† Work done during an internship at NVIDIA.
Increasing the annotation efficiency of trajectory annotations from videos has the potential to enable the next generation of data-hungry tracking algorithms to thrive on large scale datasets. Despite the importance of this task, there are currently very few works exploring how to efficiently label tracking datasets comprehensively. In this work, we introduce SPAM, a video label engine that provides high-quality labels with minimal human intervention. SPAM is built around two key insights: (i) most tracking scenarios can be easily resolved. To take advantage of this, we utilize a pre-trained model to generate high-quality pseudo-labels, reserving human involvement for a smaller subset of more difficult instances; (ii) handling the spatiotemporal dependencies of track annotations across time can be elegantly and efficiently formulated through graphs. Therefore, we use a unified graph formulation to address the annotation of both detections and identity association for tracks across time. Based on these insights, SPAM produces high-quality annotations with a fraction of ground truth labeling cost. We demonstrate that trackers trained on SPAM labels achieve comparable performance to those trained on human annotations while requiring only 3 − 20% of the human labeling effort. Hence, SPAM paves the way towards highly efficient labeling of large-scale tracking datasets.

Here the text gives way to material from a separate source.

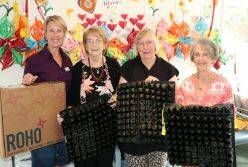 Snowy Quilters and Craft group generously donated pressure cushions.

Overview of the SPAM training and annotation pipeline. (a) Initial model training on synthetic data. (b) Application of SPAM to generate pseudo-labels without incurring manual annotation costs on a real dataset, followed by self-training on pseudolabels. (c) Real dataset labeling using pseudo-labels and an uncertainty-based active learning approach.
Evaluation of SPAM labels on MOT17, MOT20, and DanceTrack test sets with varying annotation budgets by training ByteTrack and GHOST using annotations generated by our method. We first confirm that our results on the validation set also generalize to the test set, and that we can reach GT performance with 3.3% of annotation effort on MOT17. MOT20 and DanceTrack are known to be more challenging datasets, which is confirmed by the fact that our labels require 10% and 20% of the original annotation effort to reach GT performance. This clearly shows the potential in properly leveraging synthetic data, pseudo-labels from a strong model, and active learning on graph hierarchies in order to label multi-object tracking data.
|